--- START ---

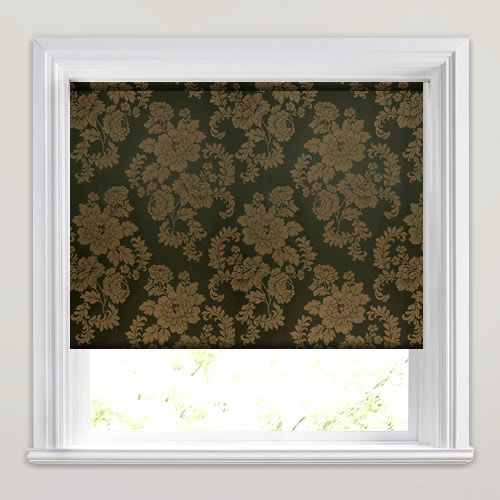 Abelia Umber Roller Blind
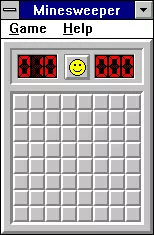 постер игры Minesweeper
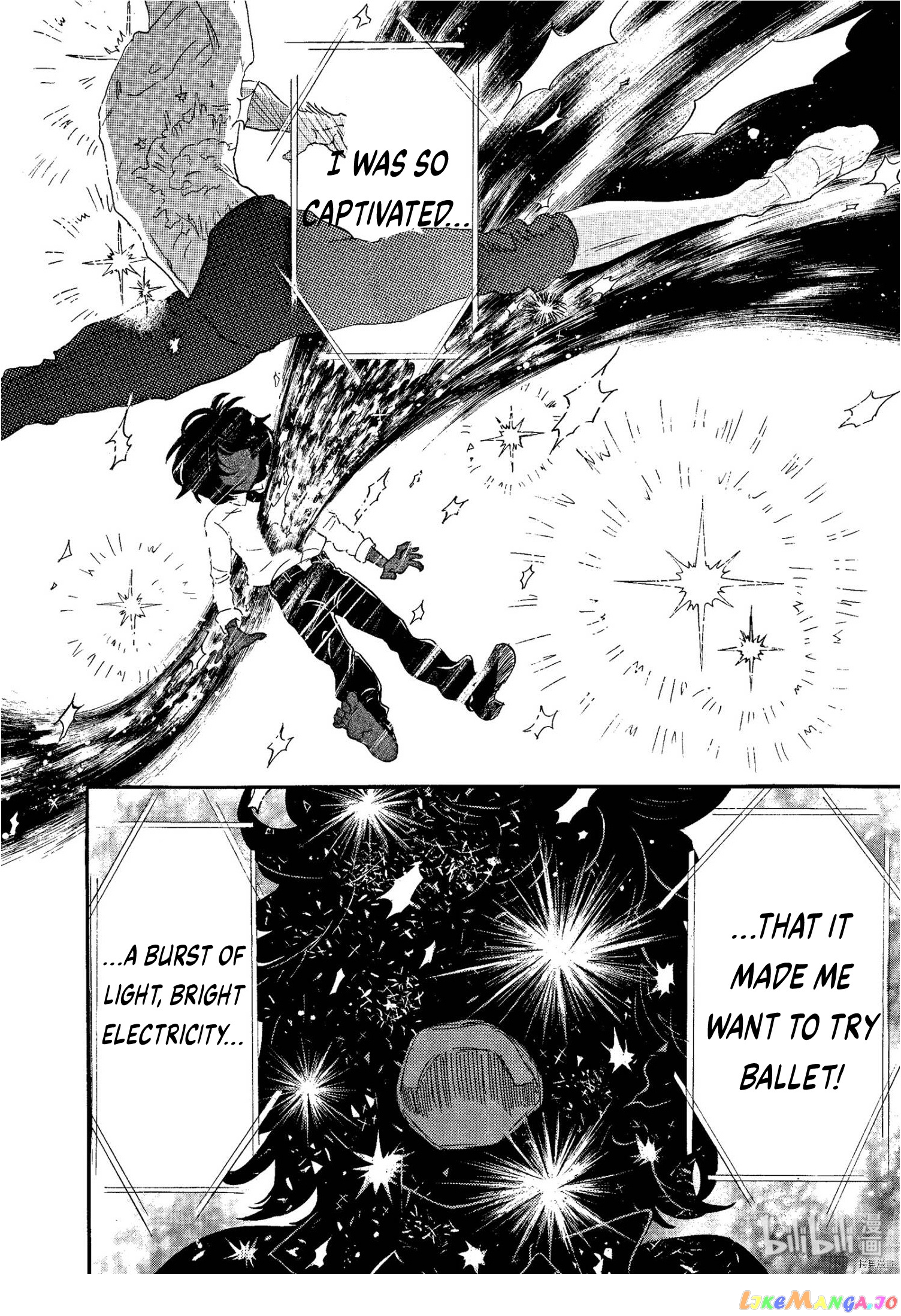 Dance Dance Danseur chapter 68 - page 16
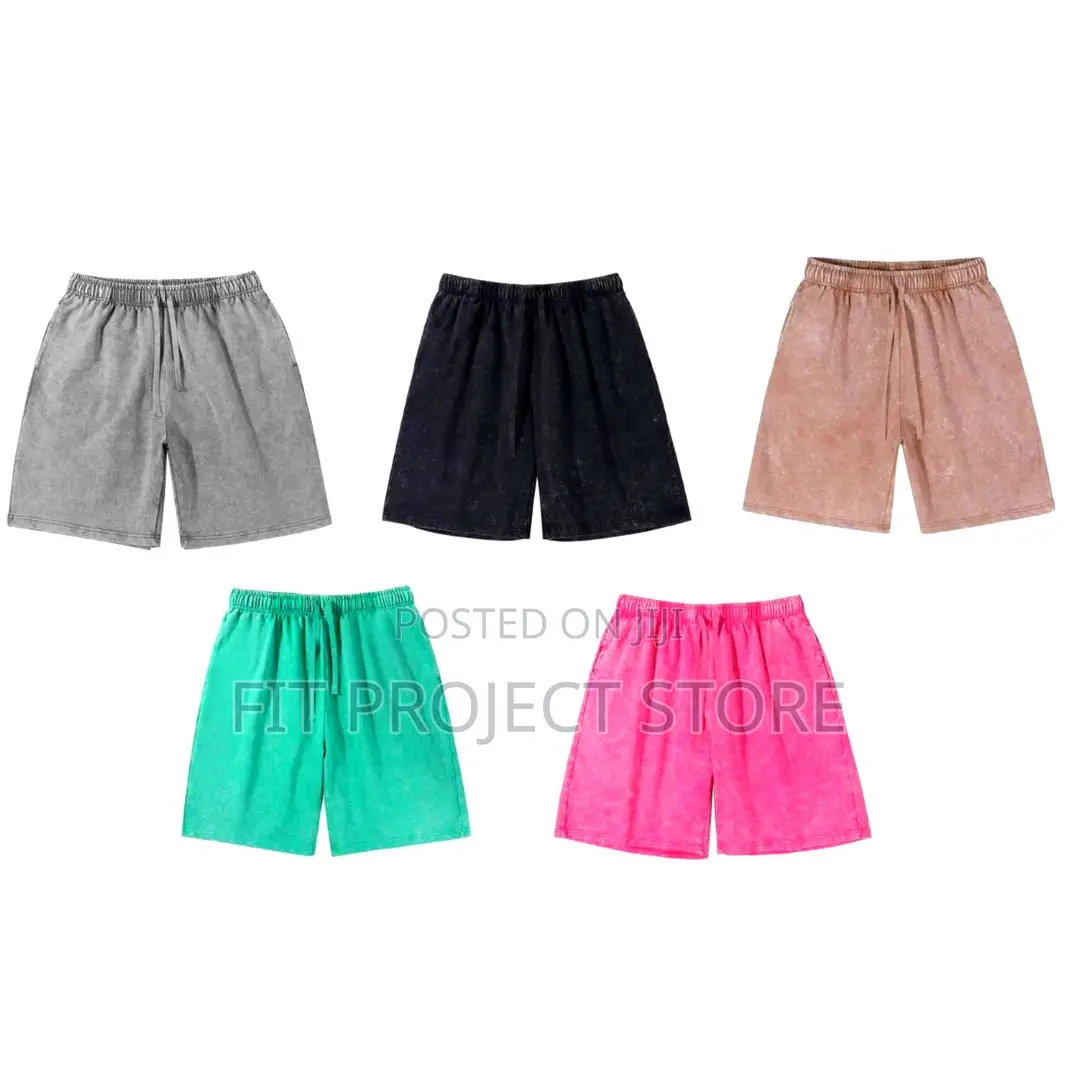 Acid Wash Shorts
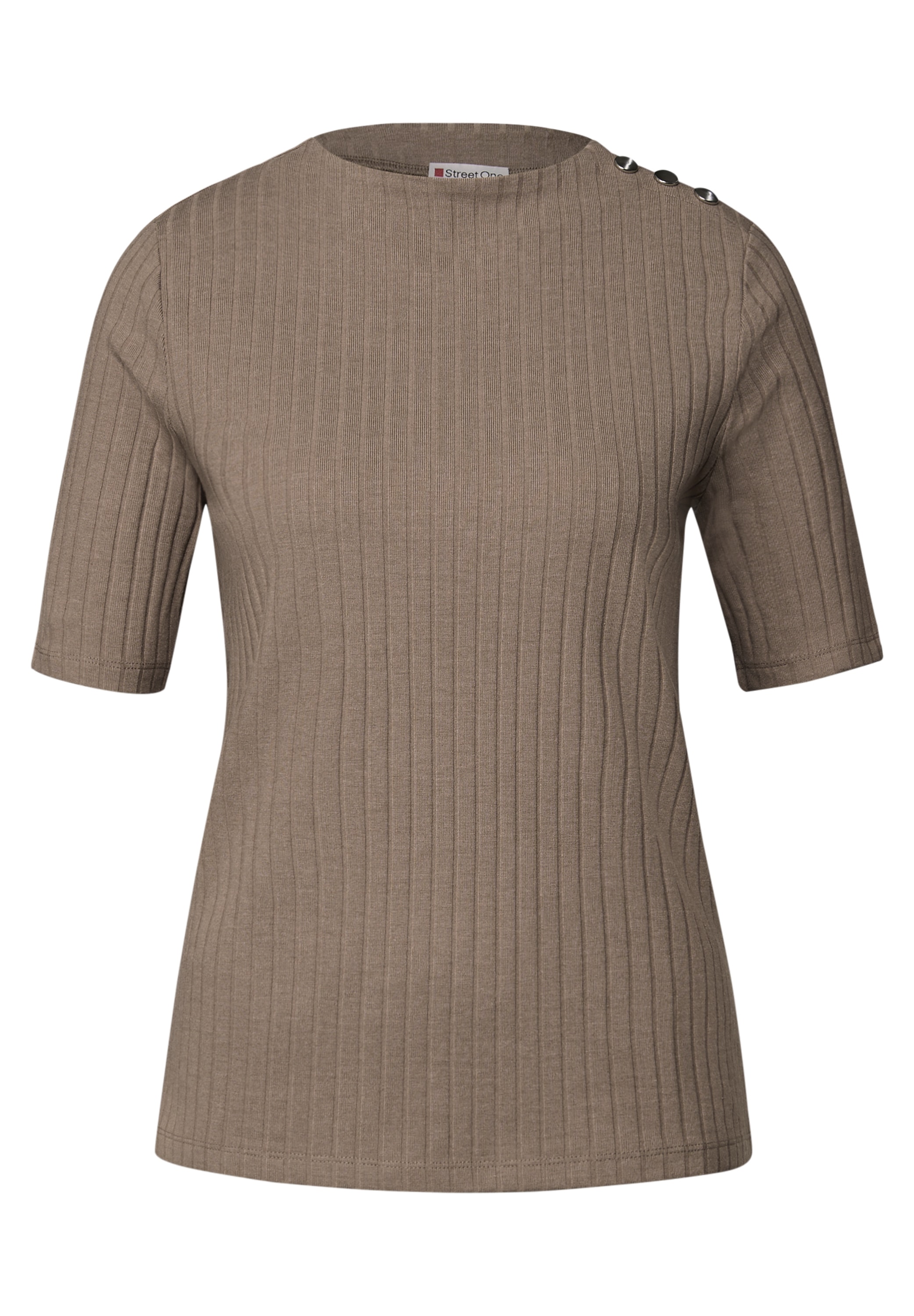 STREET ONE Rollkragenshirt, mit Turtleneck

--- END ---
--- START ---

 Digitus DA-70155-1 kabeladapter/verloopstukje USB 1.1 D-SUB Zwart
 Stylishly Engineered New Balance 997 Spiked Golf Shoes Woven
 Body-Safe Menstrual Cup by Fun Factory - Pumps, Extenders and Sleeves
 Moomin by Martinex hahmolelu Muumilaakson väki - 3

--- END ---
--- START ---

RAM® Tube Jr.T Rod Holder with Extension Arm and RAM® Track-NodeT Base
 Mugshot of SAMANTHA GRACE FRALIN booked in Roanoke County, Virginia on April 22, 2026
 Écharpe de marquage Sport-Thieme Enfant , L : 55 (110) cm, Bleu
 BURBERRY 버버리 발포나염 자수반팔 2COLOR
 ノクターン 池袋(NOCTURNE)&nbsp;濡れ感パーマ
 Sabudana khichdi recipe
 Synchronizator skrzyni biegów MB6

--- END ---

> **TASK PROMPT**
In the listing above, locate the line containing "Body-Safe Menstrual Cup" and the line containing "Moomin by Martinex", then transcribe both and every line between them verbatim.

> **REPLY TO THE EXERCISE**
 Body-Safe Menstrual Cup by Fun Factory - Pumps, Extenders and Sleeves
 Moomin by Martinex hahmolelu Muumilaakson väki - 3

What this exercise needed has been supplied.